* _Material to process_:
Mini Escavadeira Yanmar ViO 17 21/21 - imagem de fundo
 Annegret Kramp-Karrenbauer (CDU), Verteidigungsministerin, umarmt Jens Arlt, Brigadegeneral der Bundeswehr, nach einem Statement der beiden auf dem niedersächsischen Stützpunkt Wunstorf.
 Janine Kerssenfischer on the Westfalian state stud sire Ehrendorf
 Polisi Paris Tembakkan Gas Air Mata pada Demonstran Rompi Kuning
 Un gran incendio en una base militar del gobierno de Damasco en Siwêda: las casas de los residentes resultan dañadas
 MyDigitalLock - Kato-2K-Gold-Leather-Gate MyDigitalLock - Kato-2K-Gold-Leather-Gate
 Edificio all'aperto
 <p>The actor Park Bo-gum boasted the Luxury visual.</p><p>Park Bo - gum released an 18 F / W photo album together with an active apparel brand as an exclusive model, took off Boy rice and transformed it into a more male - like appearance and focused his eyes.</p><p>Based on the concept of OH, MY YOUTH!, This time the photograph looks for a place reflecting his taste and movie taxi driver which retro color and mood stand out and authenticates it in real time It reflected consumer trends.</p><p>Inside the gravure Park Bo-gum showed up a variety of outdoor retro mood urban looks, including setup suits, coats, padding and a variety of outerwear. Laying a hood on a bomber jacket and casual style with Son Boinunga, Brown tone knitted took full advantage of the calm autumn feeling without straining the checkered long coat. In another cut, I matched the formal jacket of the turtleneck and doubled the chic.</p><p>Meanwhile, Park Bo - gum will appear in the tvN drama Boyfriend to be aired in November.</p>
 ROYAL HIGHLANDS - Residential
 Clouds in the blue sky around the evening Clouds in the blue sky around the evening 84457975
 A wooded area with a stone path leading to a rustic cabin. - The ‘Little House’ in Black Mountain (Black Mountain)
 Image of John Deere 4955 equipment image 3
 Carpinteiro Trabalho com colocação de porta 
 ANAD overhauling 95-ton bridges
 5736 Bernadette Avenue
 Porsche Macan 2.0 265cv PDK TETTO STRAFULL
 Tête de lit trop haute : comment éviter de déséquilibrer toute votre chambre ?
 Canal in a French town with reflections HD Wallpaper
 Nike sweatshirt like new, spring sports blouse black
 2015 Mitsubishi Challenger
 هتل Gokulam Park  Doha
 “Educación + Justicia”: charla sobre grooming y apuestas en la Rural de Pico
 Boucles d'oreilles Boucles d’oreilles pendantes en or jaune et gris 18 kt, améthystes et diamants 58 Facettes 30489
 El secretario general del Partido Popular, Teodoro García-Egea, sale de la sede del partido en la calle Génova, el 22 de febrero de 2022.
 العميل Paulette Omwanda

* _Task objective_:
All lines in the data above from the one with "5736 Bernadette Avenue" through the one with "Boucles d'oreilles Boucles" must be repeated exactly, and no others.

* _Response box_:
 5736 Bernadette Avenue
 Porsche Macan 2.0 265cv PDK TETTO STRAFULL
 Tête de lit trop haute : comment éviter de déséquilibrer toute votre chambre ?
 Canal in a French town with reflections HD Wallpaper
 Nike sweatshirt like new, spring sports blouse black
 2015 Mitsubishi Challenger
 هتل Gokulam Park  Doha
 “Educación + Justicia”: charla sobre grooming y apuestas en la Rural de Pico
 Boucles d'oreilles Boucles d’oreilles pendantes en or jaune et gris 18 kt, améthystes et diamants 58 Facettes 30489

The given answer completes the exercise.